= Digital Fish Library =

Project at University of California, San Diego, USA

The Digital Fish Library (DFL) is a University of California, San Diego project funded by the Biological Infrastructure Initiative (DBI) of the National Science Foundation (NSF). The DFL creates 2D and 3D visualizations of the internal and external anatomy of fish obtained with magnetic resonance imaging (MRI) methods and makes these publicly available on the web.

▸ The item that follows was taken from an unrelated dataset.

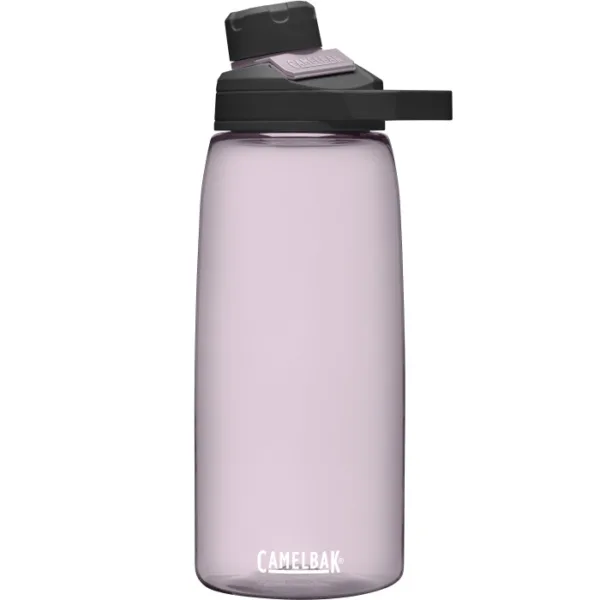 chute mag 1 liter purple sky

The information core for the Digital Fish Library is generated using high-resolution MRI scanners housed at the Center for functional magnetic resonance imaging (CfMRI) multi-user facility at UC San Diego. These instruments use magnetic fields to take 3D images of animal tissues, allowing researchers to non-invasively see inside them and quantitatively describe their 3D anatomy. Fish specimens are obtained from the Marine Vertebrate Collection at Scripps Institute of Oceanography (SIO) and imaged by staff from UC San Diego's Center for Scientific Computation in Imaging (CSCI).

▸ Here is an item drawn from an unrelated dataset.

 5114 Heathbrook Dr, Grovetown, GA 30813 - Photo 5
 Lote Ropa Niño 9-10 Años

As of February 2010, the Digital Fish Library contains almost 300 species covering all five classes of fish, 56 of 60 orders, and close to 200 of the 521 fish families as described by Nelson, 2006. DFL imaging has also contributed to a number of published peer-reviewed scientific studies.

Digital Fish Library work has been featured in the media, including two National Geographic documentaries: Magnetic Navigator and Ultimate Shark.